Data extracted from a collection:
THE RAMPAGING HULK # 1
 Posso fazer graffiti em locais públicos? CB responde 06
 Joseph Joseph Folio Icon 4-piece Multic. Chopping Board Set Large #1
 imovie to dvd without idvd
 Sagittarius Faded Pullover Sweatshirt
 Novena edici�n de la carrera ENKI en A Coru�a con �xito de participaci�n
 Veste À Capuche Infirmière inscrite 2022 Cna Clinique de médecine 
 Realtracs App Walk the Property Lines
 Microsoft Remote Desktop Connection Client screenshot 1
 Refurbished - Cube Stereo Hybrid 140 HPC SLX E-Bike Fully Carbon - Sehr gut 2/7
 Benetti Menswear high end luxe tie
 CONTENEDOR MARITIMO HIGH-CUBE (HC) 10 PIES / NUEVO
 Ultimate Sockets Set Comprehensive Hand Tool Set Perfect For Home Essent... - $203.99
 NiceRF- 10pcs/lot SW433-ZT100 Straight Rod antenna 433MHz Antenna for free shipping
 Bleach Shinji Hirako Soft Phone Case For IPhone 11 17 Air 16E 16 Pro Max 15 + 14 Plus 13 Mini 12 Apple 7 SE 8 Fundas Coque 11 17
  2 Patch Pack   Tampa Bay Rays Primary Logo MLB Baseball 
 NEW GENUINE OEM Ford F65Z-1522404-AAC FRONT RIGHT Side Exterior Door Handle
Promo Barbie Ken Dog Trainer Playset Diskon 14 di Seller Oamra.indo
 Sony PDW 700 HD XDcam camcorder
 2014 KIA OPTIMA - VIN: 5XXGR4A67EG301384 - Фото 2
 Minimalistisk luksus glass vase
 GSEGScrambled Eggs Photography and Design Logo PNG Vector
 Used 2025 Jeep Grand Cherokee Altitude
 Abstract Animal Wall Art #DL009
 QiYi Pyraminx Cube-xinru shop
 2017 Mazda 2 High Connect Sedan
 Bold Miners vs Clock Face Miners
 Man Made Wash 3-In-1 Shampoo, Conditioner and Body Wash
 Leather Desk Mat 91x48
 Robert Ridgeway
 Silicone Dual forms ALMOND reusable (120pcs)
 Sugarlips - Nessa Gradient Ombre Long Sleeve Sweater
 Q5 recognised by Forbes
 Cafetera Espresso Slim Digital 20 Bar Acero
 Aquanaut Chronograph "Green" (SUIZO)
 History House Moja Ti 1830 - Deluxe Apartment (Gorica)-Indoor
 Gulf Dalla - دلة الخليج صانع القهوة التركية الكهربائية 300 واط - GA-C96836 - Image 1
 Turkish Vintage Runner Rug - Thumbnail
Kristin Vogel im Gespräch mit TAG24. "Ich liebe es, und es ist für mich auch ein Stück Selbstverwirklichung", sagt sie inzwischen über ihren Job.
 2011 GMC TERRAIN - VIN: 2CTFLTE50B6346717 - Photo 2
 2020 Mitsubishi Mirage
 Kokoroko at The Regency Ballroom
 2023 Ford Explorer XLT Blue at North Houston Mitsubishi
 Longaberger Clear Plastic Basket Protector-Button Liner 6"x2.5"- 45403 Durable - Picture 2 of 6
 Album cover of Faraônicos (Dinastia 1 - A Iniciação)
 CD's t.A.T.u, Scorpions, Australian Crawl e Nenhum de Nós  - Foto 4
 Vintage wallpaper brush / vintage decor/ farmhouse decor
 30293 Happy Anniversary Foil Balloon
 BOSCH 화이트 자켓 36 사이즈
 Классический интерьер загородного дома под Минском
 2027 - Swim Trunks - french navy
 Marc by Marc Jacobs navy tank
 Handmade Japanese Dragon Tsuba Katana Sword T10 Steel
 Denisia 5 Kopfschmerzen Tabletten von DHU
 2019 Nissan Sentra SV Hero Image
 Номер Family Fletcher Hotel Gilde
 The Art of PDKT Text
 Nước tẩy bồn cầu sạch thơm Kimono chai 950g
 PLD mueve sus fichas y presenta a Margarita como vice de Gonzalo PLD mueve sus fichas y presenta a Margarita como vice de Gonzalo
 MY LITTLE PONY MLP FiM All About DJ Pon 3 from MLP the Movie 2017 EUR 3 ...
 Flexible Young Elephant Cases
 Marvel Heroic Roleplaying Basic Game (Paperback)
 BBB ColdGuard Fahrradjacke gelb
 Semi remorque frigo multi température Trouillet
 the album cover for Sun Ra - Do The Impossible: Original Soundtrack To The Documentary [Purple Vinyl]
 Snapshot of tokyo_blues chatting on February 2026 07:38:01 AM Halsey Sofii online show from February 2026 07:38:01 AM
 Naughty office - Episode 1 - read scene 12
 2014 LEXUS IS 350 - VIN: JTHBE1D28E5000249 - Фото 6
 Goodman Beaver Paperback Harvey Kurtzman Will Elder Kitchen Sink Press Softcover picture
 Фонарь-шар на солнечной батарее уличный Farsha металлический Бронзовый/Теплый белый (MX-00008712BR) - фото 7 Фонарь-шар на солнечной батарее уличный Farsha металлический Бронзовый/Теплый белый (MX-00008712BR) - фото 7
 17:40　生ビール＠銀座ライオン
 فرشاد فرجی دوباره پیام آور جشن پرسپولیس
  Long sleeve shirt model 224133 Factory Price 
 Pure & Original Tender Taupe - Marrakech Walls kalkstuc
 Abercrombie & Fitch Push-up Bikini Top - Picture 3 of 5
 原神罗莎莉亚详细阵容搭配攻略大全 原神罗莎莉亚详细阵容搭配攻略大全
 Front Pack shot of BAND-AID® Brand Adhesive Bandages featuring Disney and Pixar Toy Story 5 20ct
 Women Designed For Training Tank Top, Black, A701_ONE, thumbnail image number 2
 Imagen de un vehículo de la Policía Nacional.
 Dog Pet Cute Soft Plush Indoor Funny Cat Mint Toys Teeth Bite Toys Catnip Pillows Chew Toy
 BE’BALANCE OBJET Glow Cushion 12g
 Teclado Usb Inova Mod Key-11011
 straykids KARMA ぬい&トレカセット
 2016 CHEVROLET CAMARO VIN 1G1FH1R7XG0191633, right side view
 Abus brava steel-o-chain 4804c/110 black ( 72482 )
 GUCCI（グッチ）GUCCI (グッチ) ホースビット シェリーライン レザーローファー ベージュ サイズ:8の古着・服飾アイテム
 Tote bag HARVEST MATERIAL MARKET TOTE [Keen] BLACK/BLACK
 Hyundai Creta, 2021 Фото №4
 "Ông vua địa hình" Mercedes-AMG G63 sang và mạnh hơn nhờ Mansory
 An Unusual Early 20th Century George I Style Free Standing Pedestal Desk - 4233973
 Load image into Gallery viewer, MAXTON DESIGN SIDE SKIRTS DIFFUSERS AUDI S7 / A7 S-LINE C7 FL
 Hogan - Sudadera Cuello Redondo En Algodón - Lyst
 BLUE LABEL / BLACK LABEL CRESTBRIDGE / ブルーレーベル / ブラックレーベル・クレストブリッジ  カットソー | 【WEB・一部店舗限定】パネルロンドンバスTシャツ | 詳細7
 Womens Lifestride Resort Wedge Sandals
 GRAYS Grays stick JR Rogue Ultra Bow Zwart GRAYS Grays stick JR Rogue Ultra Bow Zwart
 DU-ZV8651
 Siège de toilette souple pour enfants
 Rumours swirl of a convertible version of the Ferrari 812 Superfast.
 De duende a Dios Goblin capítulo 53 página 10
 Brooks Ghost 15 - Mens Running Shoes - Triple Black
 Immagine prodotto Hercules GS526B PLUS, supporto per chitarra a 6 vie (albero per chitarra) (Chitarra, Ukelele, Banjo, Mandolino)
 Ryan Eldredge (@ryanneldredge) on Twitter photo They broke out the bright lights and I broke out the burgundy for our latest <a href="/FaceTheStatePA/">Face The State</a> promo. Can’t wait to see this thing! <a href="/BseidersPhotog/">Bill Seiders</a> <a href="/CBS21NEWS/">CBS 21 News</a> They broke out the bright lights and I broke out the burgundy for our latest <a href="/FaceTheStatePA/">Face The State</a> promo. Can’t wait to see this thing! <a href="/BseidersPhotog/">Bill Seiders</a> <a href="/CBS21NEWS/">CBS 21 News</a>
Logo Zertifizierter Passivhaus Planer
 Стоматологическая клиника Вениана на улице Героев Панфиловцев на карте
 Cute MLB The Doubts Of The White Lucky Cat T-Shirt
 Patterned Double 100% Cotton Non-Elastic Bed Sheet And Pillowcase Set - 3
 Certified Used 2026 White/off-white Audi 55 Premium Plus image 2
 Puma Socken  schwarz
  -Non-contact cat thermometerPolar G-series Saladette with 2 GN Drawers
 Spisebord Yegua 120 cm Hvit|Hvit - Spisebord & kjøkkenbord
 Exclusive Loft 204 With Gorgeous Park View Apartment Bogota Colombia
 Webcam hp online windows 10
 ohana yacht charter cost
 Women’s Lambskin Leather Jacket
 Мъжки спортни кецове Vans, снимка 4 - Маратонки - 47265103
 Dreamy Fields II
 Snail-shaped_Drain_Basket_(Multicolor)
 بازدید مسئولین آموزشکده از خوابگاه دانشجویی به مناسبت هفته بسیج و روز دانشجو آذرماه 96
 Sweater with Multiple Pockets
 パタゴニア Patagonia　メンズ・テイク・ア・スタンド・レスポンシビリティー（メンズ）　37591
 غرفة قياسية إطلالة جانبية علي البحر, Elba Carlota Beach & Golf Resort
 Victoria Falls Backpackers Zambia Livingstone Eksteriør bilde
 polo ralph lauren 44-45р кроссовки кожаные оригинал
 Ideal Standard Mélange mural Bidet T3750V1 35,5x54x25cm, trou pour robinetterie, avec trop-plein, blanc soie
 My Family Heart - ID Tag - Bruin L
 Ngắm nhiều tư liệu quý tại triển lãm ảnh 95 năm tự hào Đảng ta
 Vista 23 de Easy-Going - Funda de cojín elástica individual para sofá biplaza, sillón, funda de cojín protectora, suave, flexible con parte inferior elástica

> **WHAT IS REQUIRED**
Go through the entries and return each line where the word "Vintage" appears.

> **RESPONSE TO THE EXERCISE**
 Turkish Vintage Runner Rug - Thumbnail
 Vintage wallpaper brush / vintage decor/ farmhouse decor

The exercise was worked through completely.